Raw data:
· · · · ·
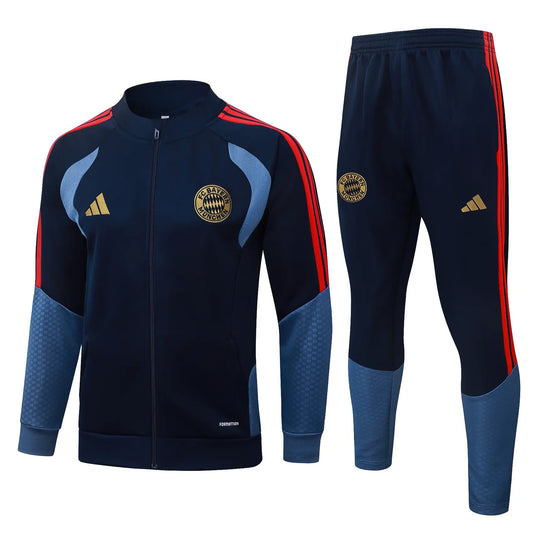Tuta Full-zip Bayern Munich 26/27 Uomo Blu Navy | Tuta da Calcio - CalcioVivo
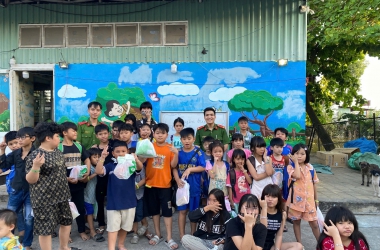 Sẻ chia niềm vui với các em nhỏ lớp học tình thương “Rạch Ông”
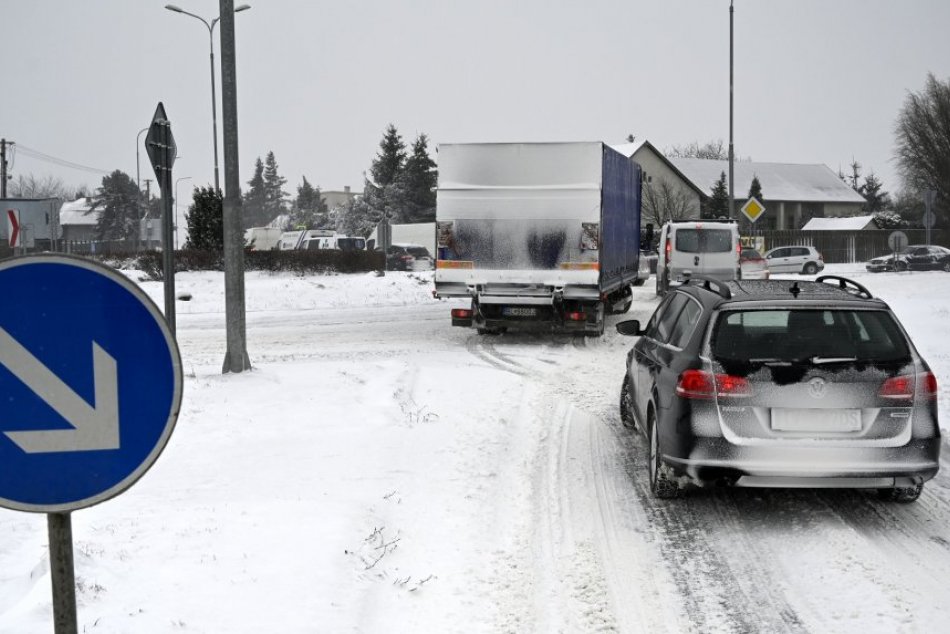 Ilustračný obrázok k článku Očakáva sa nádielka snehu: V Trenčianskom kraji môže napadnúť až 20 centimetrov!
· · · · ·
Working from the line that contains "Sẻ chia niềm" to the last line of the listing, please quote each line exactly, pictures excluded.

 Sẻ chia niềm vui với các em nhỏ lớp học tình thương “Rạch Ông”
 Ilustračný obrázok k článku Očakáva sa nádielka snehu: V Trenčianskom kraji môže napadnúť až 20 centimetrov!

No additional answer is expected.